Believe it or not I read each email they send to me and recently it dawned on me that they had a valid point.  Should congress limit ones ability to convince someone else to vote for a candidate?  Congress, usually with McCain and Feingold (whose web site looks like a professors) leading the charge.  While I agree wholehardedly that the government needs campaign finance reform, certain aspects of it bother me.  For example, should I be allowed to email my friends with my opinion of candidates for office?  Should the AFA be allowed to?  What about an opt-in mailing list?

Another sticking point is whether limits on donations restrict one’s first amendment right to free speech?  It appears more and more that it does not, but as always the answer is more complicated as you break the donations up between soft money, hard money, etc.  Mitch McConnell was one of the ones leading the charge against reform, or at least McCain/Feingold’s version of reform.

So I offer a simple solution.  It places on the burden on those taking donations.  Take all the donations you want but you cannot vote on any issues relating to those you took donations from.  In other words all conflicts of interest must be avoided.  This would also work in reverse.  If you are sueing Microsoft as an Attorney General and Microsoft donates money to your campaign or your party, you must return the funds, unlike Charlie Condon did[abstract].  The neuonce of that last sentence is the word party.  If you are a member of a political party and that party gives you money or any direct campaign help, like ads, etc, the party becomes transparent and the donations to the party are treated as if they were made to directly to the candidate.

Let’s  run through some examaple to make sure the idea is clear.

Senator Larry Smith takes a donation from the RIAA and then a bill that would make music piracy a federal crime comes to the floor.  Senator Smith cannot vote on the bill.  If he does, he could be charged with a mistermeanor for conflict of interest, or perhaps even bribery, even if his vote was not beneficial to the RIAA.

Senator Lucy Samuels receives a donation from Ford and she is about to vote on raising the fuel effeiecncy standards.  She must either not vote or return the funds to Ford.

Senator Bill Lewis receives money from a PAC (or his party) and the PAC (or his party) received money from Exxon.  He cannot vote on any legislation that may effect Exxon.  This includes all riders.  So if the federal budget includes money for oil subsides, Mr.

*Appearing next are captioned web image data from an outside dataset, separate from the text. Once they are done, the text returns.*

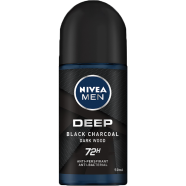 Nivea Men Deep Black Charcoal Dark Wood Roll-On (50 ml) - 80031D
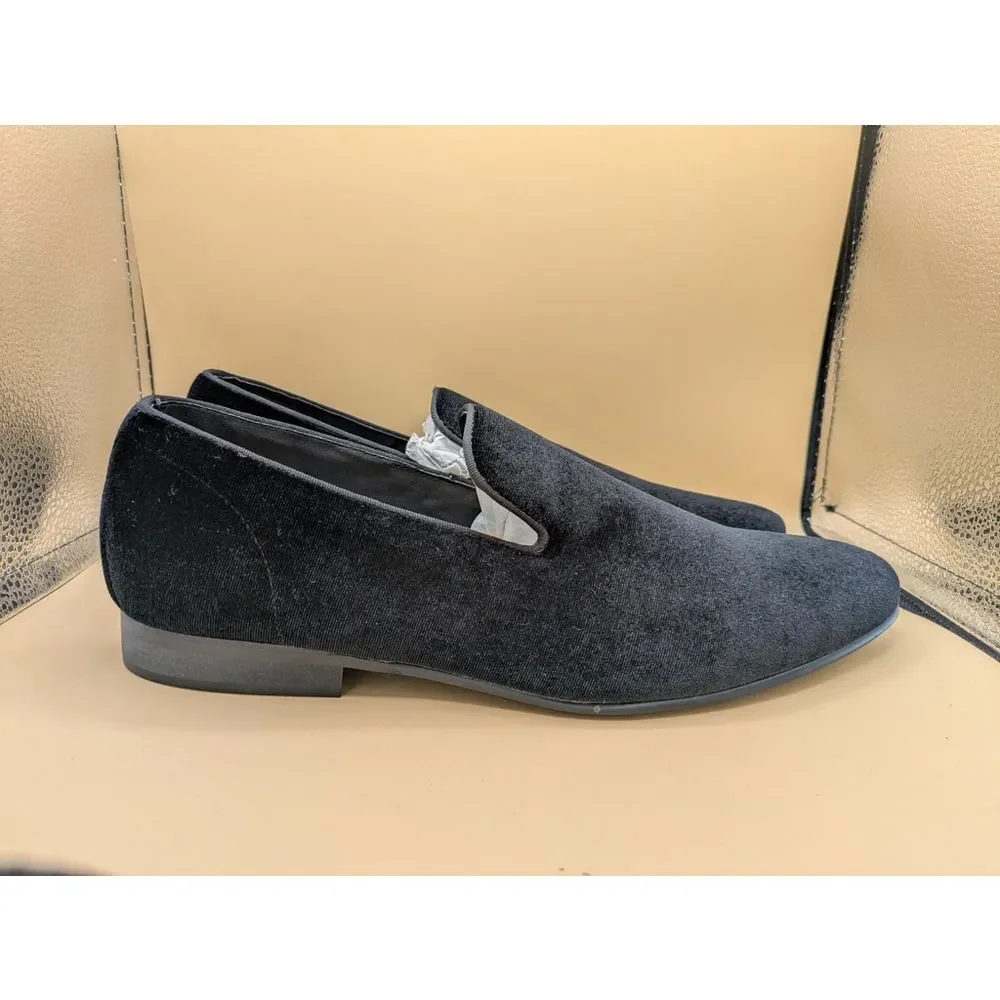 Steve Madden Laight Black Velvet Mens Slip On size 10 Loafer Dress Shoe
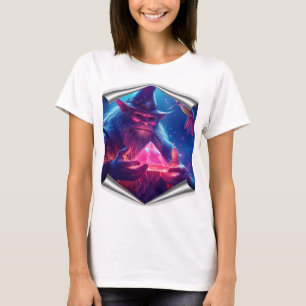 Trol met gloeiende glazen piramide en kolibries t-shirt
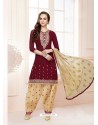 Maroon Cotton Satin Thread Embroidered Designer Salwar Suit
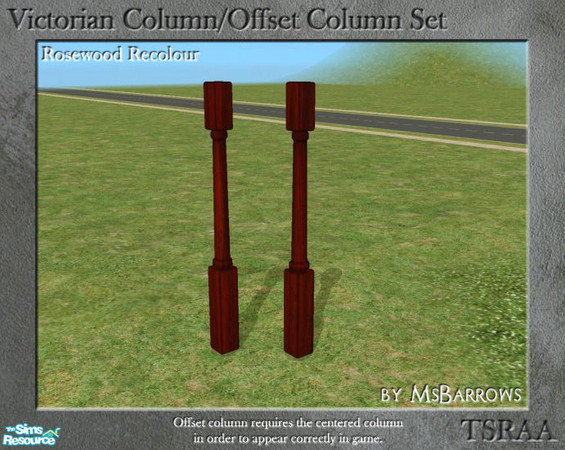 Sims 2 — Victorian Column/Offset Column - Rosewood Recolour by MsBarrows — A recolour for the Victorian column to match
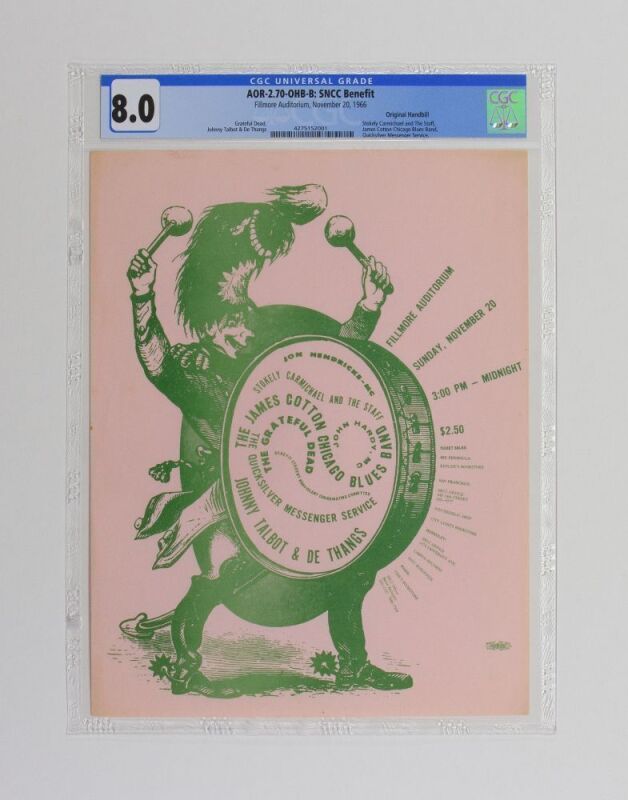 1966 AOR-2.70 Grateful Dead SNCC Benefit Fillmore Auditorium Variant Handbill CGC 8.0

Lewis can’t even vote on the budget.  At first there will be only a handful of senators eligible to vote since bills often have so many riders.

What will happen in that later example is the PAC will simply not donate to the candidate.  They will run attack ads against his opponents, etc.  Fine.  The goal shouldn’t be to get all money out of politics.  It should be to removed the conflicts of interest that are rampant in our system.  Candidates take money from corporations and then routinely vote on legislation that directly affects the corporations.

Judges must recuse themselves when they have a realationship to a case before them.  Why should congress be any different?  Currently, saying there is no relationship is somehow acceptable.  It shouldn’t be and they should be held accountable.

To make this work, the Attorney General needs to no longer be a politcal appointee and the president should not be allowed to fire them.  They should be appointed by the Supreme Court or via some apolitical method.  If the AG is political he could pursue only those not in his party.

This solution to campaign finance reform would also reduce pork barrel projects.

Here is an interesting question.  If the president took money from Boeing and a bill came to his desk for purchasing military airplanes from another company, could he veto it?  If he were not permitted to veto it, legislators could include riders that would prevent the president from vetoing any bill.  Perhaps the Executive branch would need to be exempt from the law.